▶ [Exercise]: The lines wanted are those from the one containing "Wall Clock Wood" to the last line of the entries below; output them exactly, leaving out pictures.

═══ Material provided

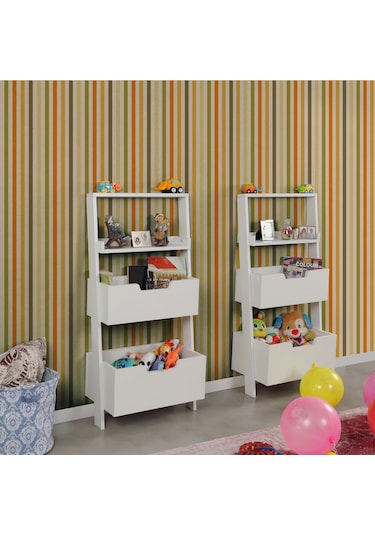 Pasifichome Only Oyuncak Montessori Beyaz Kitaplık Çiftli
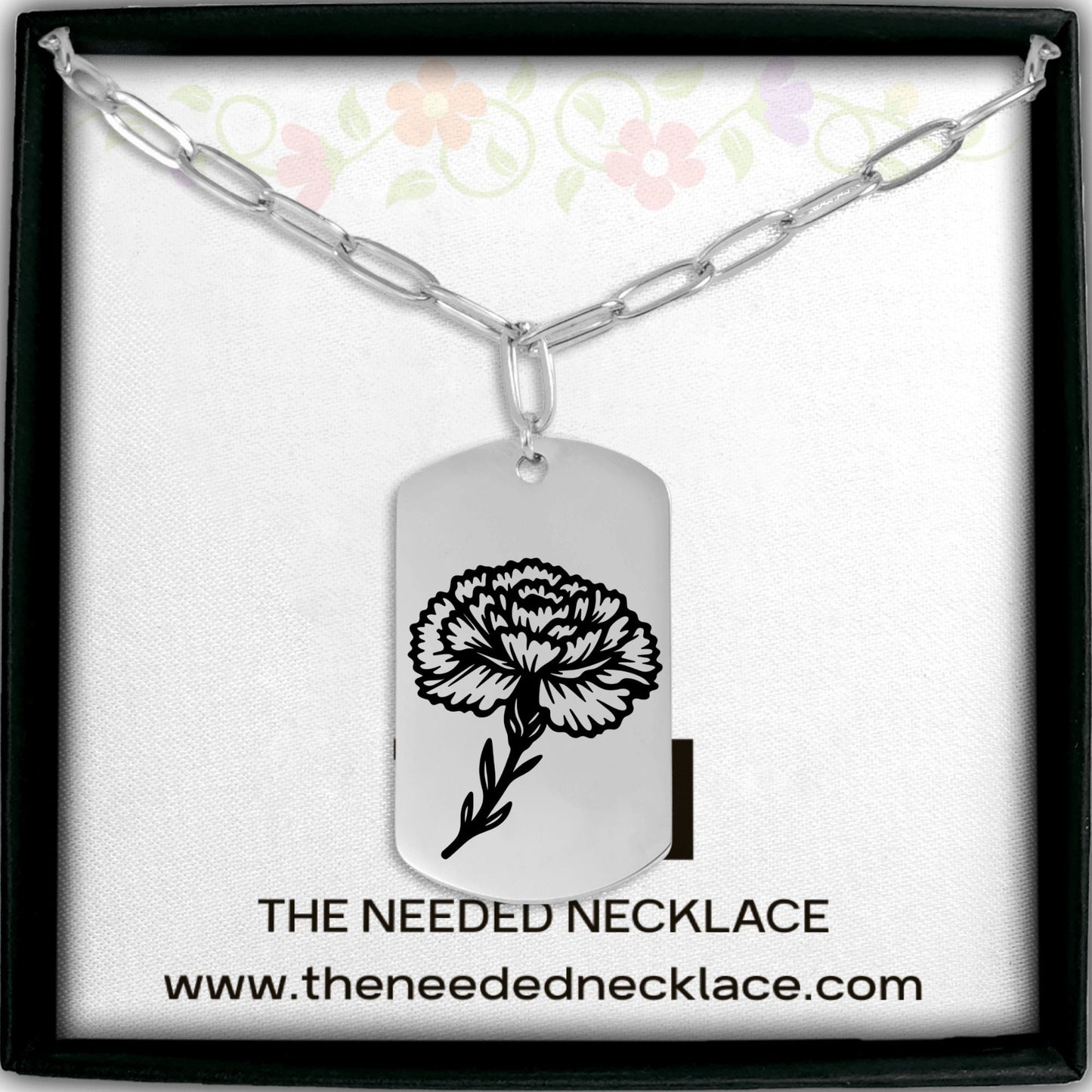 Birth Flower Paperclip Tag Necklace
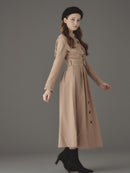 ケープ付きパイピングワンピース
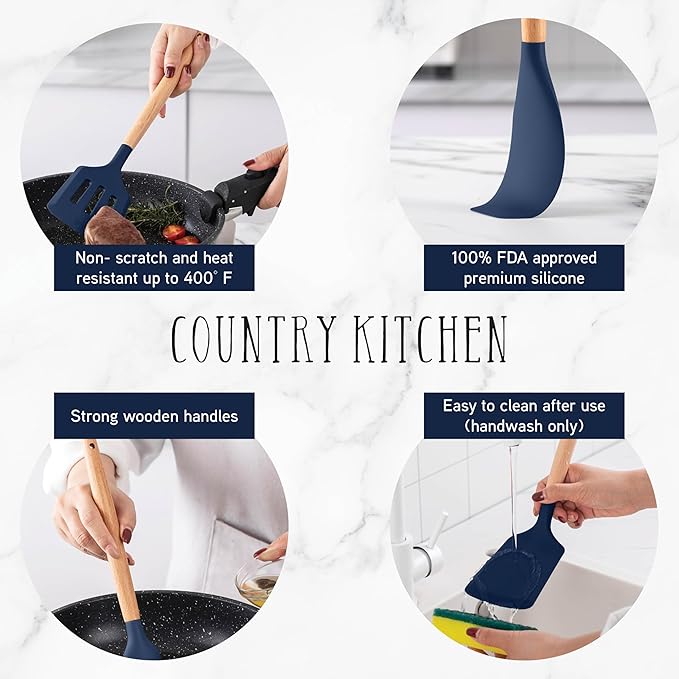 Country Kitchen Non Stick Silicone Utensil Set with Rounded Wood Handles for Cooking and Baking, 14 Piece Set, Navy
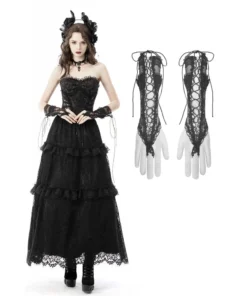 Dark In Love Seductress Lace Up Gloves Accessories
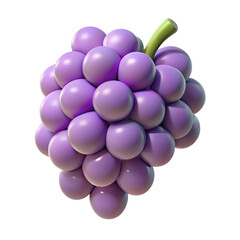 Plastic grape cluster 3D isolated design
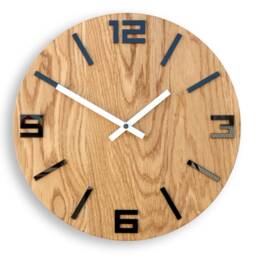 Wall Clock Wood Clock Large Wall Arabic Gift Decor Unique Oak Clocks Black White - thumbnail 4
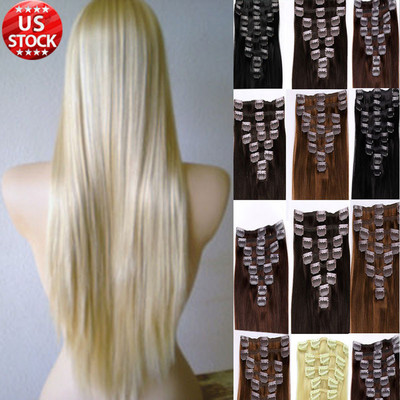 Real Grade AAAAA Clip In Remy Human Hair Extensions Full Head 7 Pcs US Seller R4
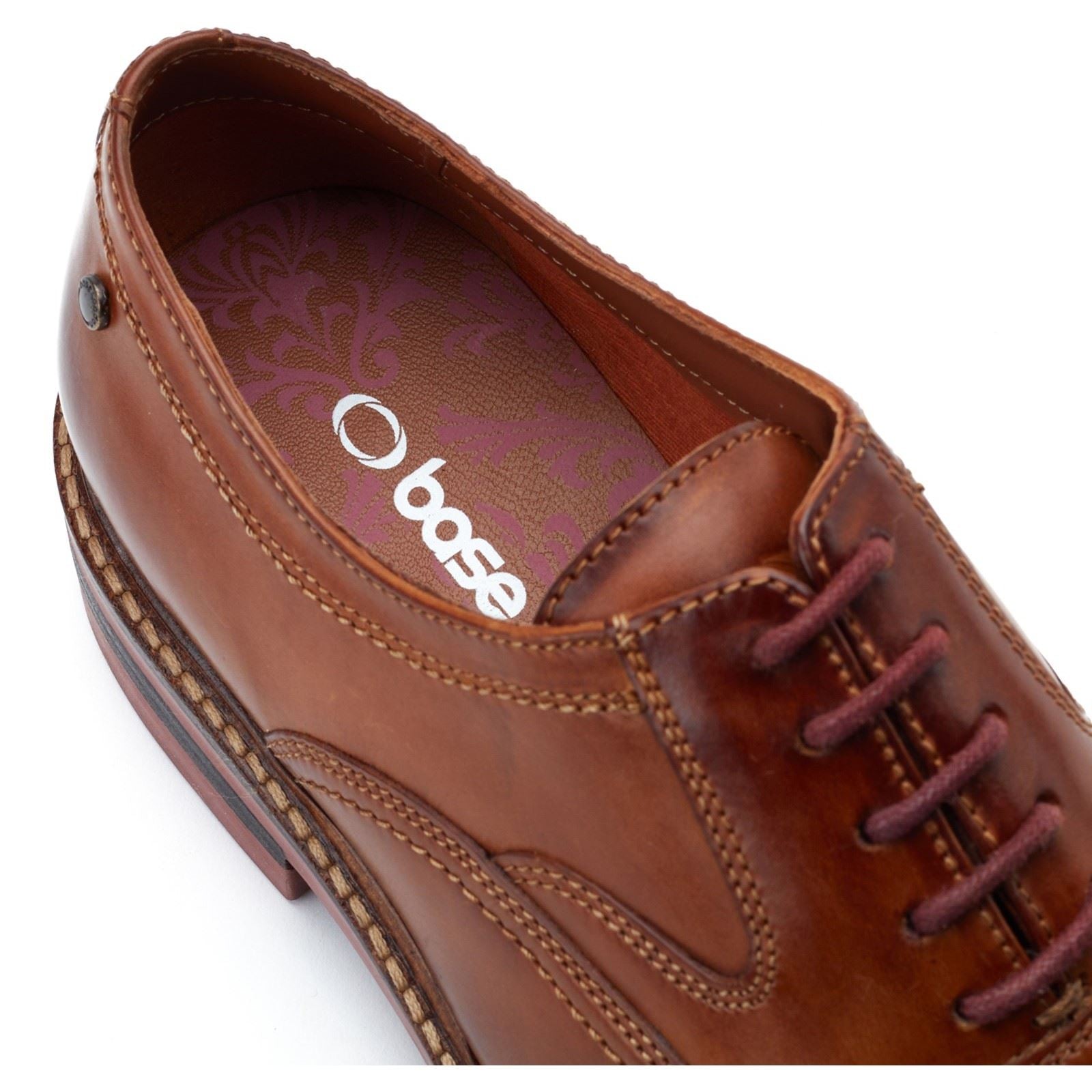 Base London Tatton Leder Herren Oxford Schuhe In Verbranntem Tan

══════

▶ [Finished exercise]:
 Wall Clock Wood Clock Large Wall Arabic Gift Decor Unique Oak Clocks Black White - thumbnail 4
 Real Grade AAAAA Clip In Remy Human Hair Extensions Full Head 7 Pcs US Seller R4
 Base London Tatton Leder Herren Oxford Schuhe In Verbranntem Tan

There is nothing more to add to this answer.